[[ Working data, beginning ]]
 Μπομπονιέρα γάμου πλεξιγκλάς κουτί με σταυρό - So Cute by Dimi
[[ Working data, end ]]
[[ Working data, beginning ]]
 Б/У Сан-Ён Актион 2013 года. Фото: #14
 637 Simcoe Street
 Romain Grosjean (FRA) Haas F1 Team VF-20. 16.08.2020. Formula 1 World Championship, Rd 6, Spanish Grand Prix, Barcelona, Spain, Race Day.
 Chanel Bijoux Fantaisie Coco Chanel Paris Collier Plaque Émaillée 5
[[ Working data, end ]]
[[ Working data, beginning ]]
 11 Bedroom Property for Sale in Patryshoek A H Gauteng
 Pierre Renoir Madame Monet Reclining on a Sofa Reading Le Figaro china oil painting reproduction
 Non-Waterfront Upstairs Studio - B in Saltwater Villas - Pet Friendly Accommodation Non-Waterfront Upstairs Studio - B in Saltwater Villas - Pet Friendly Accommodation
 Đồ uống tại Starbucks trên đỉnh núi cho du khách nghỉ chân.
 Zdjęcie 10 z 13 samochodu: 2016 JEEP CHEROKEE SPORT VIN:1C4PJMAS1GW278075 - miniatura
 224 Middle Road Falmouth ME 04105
[[ Working data, end ]]
**Exercise description:** Write down again, exactly as given, only the lines above that fall from the line with "Pierre Renoir Madame" to the line with "224 Middle Road Falmouth ME 04105", inclusive.

**Exercise solution:**
 Pierre Renoir Madame Monet Reclining on a Sofa Reading Le Figaro china oil painting reproduction
 Non-Waterfront Upstairs Studio - B in Saltwater Villas - Pet Friendly Accommodation Non-Waterfront Upstairs Studio - B in Saltwater Villas - Pet Friendly Accommodation
 Đồ uống tại Starbucks trên đỉnh núi cho du khách nghỉ chân.
 Zdjęcie 10 z 13 samochodu: 2016 JEEP CHEROKEE SPORT VIN:1C4PJMAS1GW278075 - miniatura
 224 Middle Road Falmouth ME 04105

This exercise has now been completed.